Shakespeare lived and wrote during a time we call the Early Modern Period. And yet, there is much about his time that doesn’t seem very modern at all. It’s common for students to mistakenly refer to Shakespeare’s language as “Old English” because it seems so far removed from the way we speak today. But once you get past the vocabulary and sentence structure, you realize that the language is just the tip of an iceberg representing a 400-year-old gap of knowledge, culture, and worldview.
Shakespeare was born in the same year as Galileo, but pre-deceased him by over 25 years, well before the Italian’s famous grapple with Pope Urban over the question of heliocentrism. Dying as he did in 1616, Shakespeare just barely missed the beginnings of what we consider to be modern science. Bacon’s Novum Organum, published in 1620, contained the early stirrings of the scientific method. And as the Scientific Revolution started picking up some serious steam later in the 17th century, the ideas of the world Shakespeare inhabited were already starting to seem antiquated.

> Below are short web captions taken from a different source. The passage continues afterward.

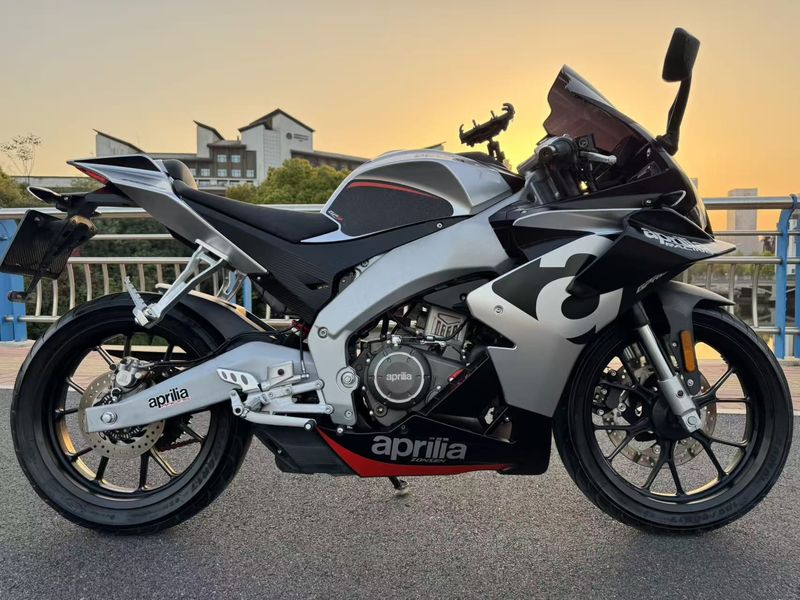 二手宗申阿普利亚GPR250R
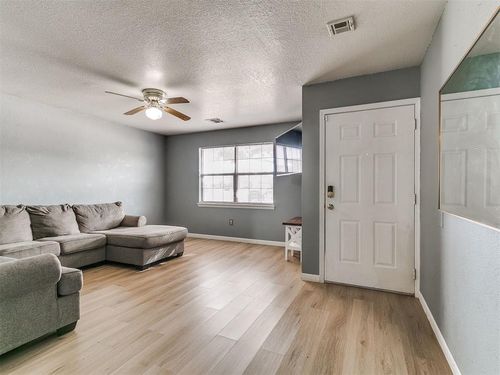 312 Traditional Way Ct, Shawnee, OK, 74804-1402 | Card Image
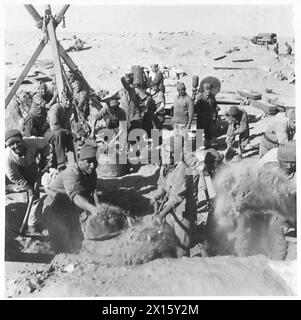 ENTREPRISE CHYPRIOTE À L'ŒUVRE DANS LE DÉSERT occidental - Un pipeline d'eau est posé sur le désert. Les hommes de la compagnie assistent R.E.sappers British Army Banque D'Images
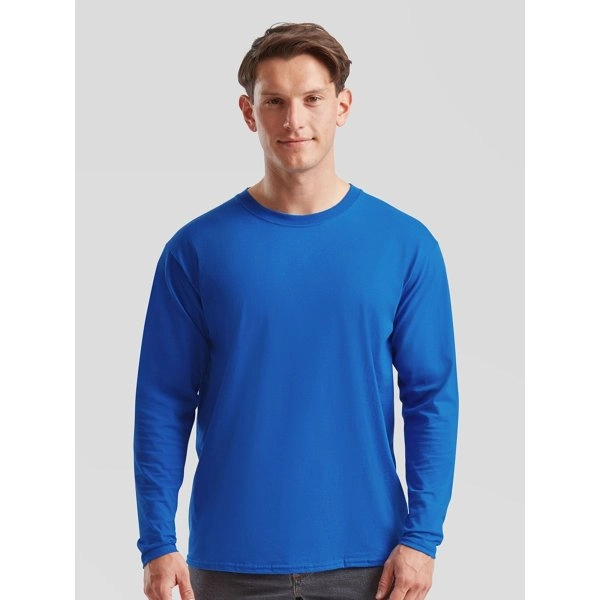 valueweight-long-sleeve-t-3.webp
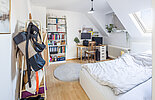 Schlafzimmer DG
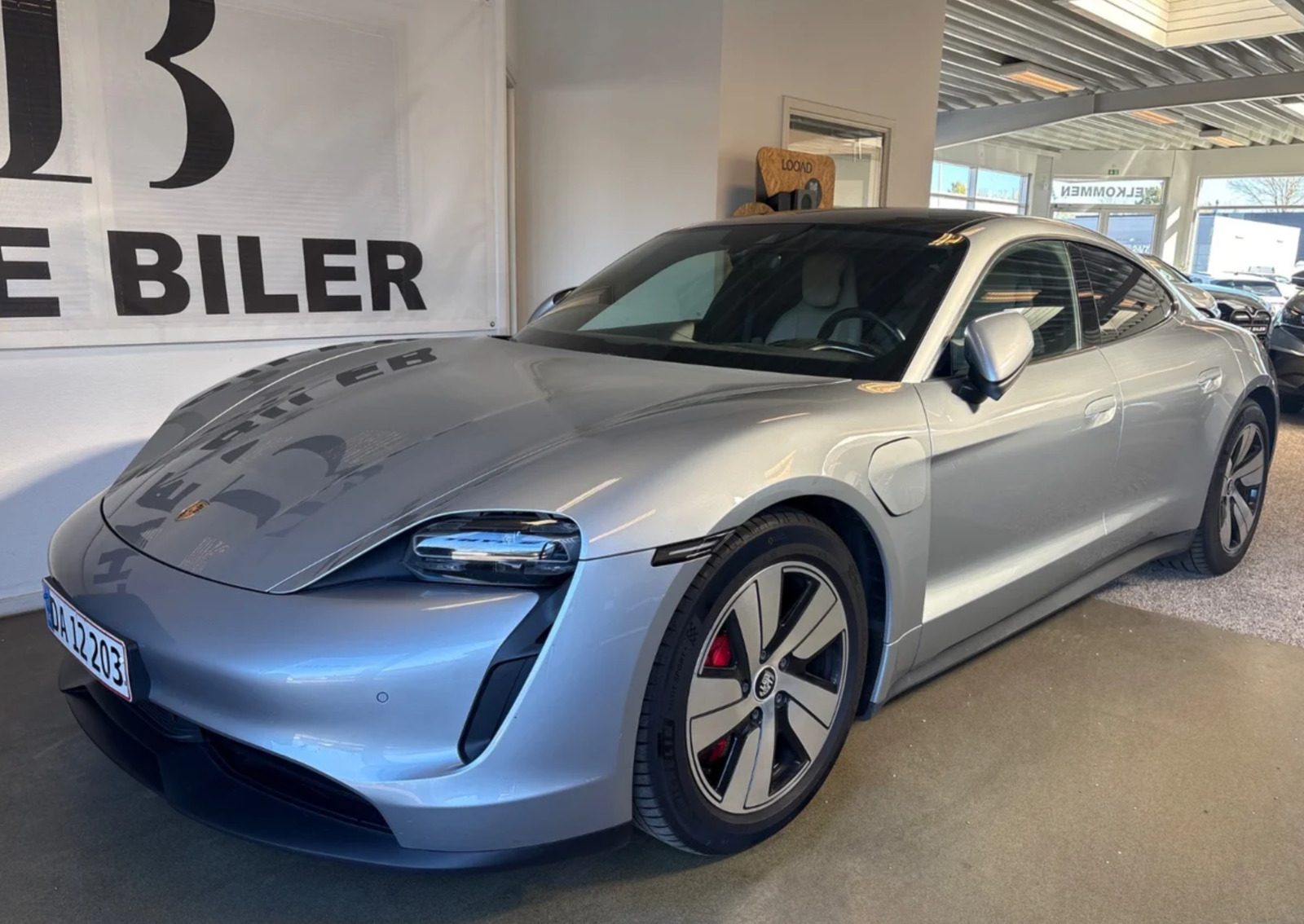 Porsche Taycan Performance+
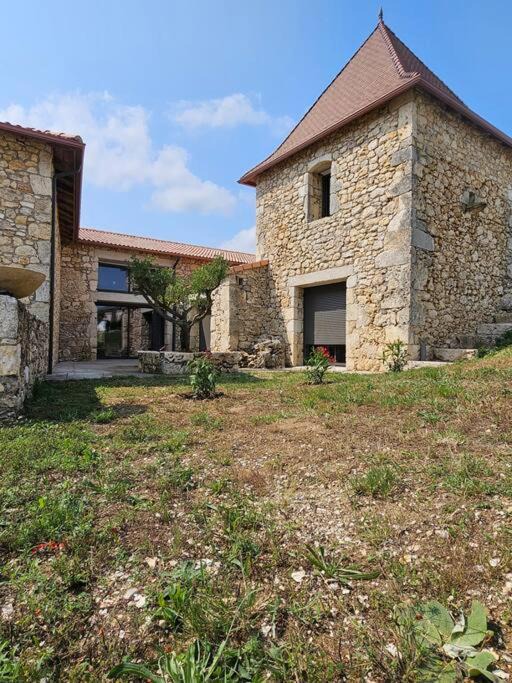 Photo of Buildings in Massels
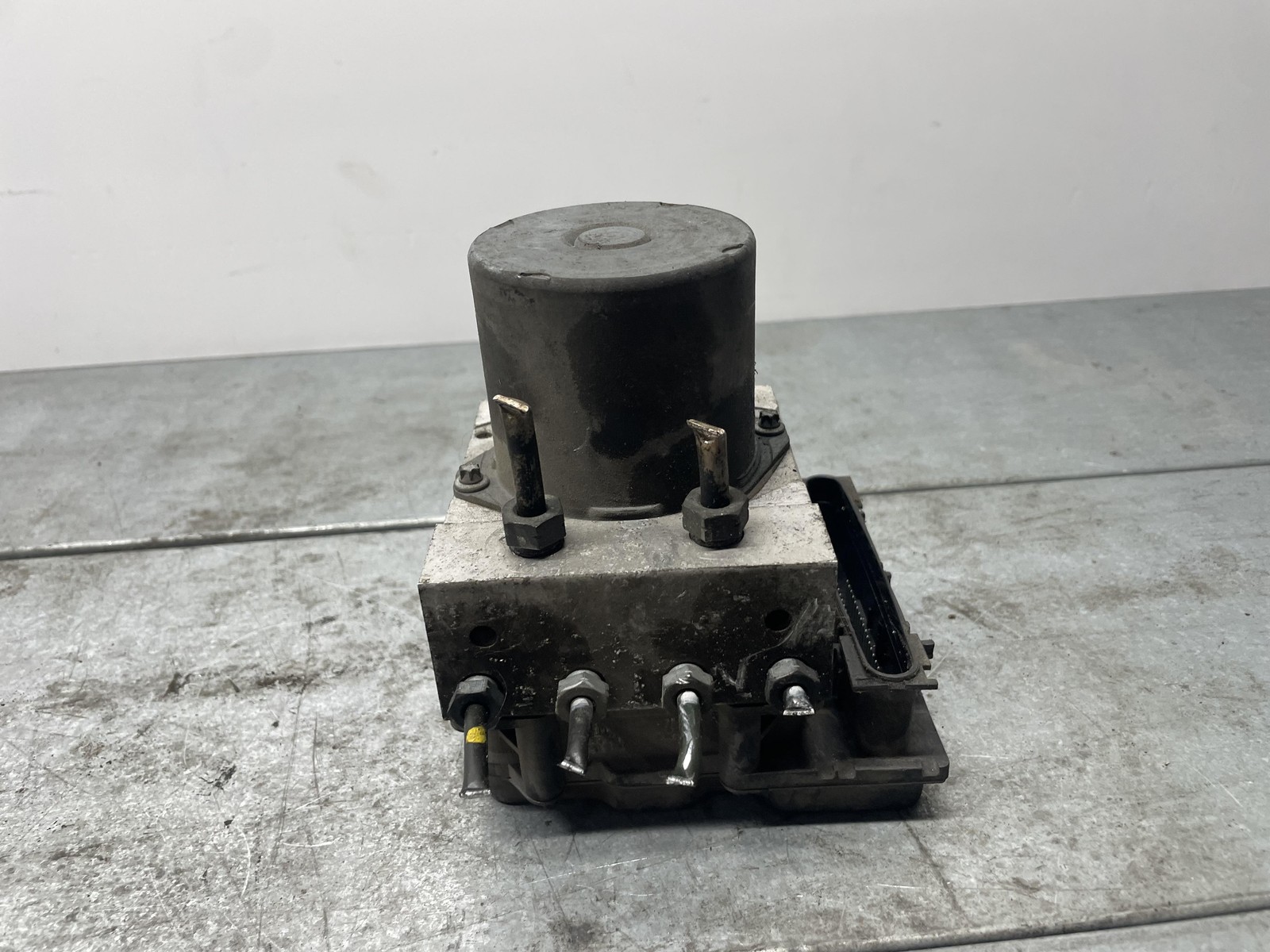 Centralina Abs (Bosch) 0265950618,78305R0165 Usato
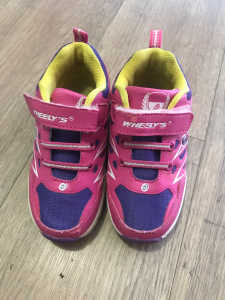 Wheelys girls shoes with rollers - Size EU 30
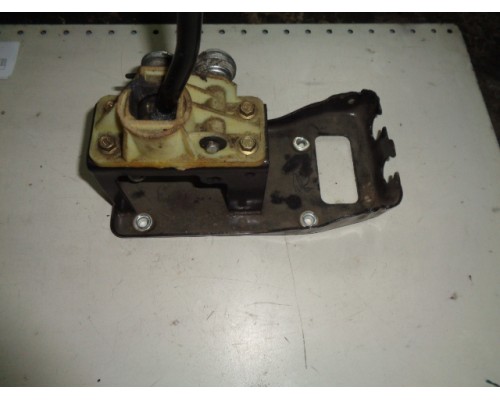 Кулиса КПП Chery Indis S18D (S18D1703010)- купить на ➦ А50-Авторазбор по цене 900.00р.. Отправка в регионы.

A lot can happen in 400 years. Empires rise and fall, as historians rethink their judgements. Breakthroughs are made. Values shift. We still love Shakespeare because he tapped into the universal truth of human existence, sure, but that doesn’t mean we understand him fully, nor he us. Shylock’s conversion, Dromio’s beating, Katherine’s taming… they can seem harsh to us, living in a different culture and a different time. New discoveries, like the recent unearthing of the remains of Richard III, give us insight on historic people and events that Shakespeare never would have had. Just because Shakespeare’s always on our main stage, doesn’t mean we’re always on the same page.
And thus is born the Shakespeare Follow-Up. Each week (or whenever the mood strikes me), I’ll identify a passage from Shakespeare that highlights a particular gap between Shakespeare’s time and our own. Perhaps it’s a scientific statement of fact, believed to be true in Shakespeare’s time, but ridiculously outdated in ours. Maybe it’s an idea that wasn’t accepted in Shakespeare’s time, but it turned out to be remarkably prophetic. Or maybe it’s an instance where Shakespeare shows us that something we think of as wholly modern has been around longer than we think. I’ll quote the passage, and then provide a “Follow-Up” of where we are today.
This feature will probably end up to be more about cultural, historical, and scientific shifts than it is about Shakespeare. But this blog has always been approached with the philosophy that a love of Shakespeare is only the beginning of a life of examination and discovery. This feature will be another step in that journey. And I think understanding the gaps between us and Shakespeare helps us understand his works better as well. Hamlet tells Horatio that there “are more things in heaven and earth” than are dreamt of in his philosophy. And so, let it be with Shakespeare.
Sound like fun? The Shakespeare Follow-Up will appear on Fridays.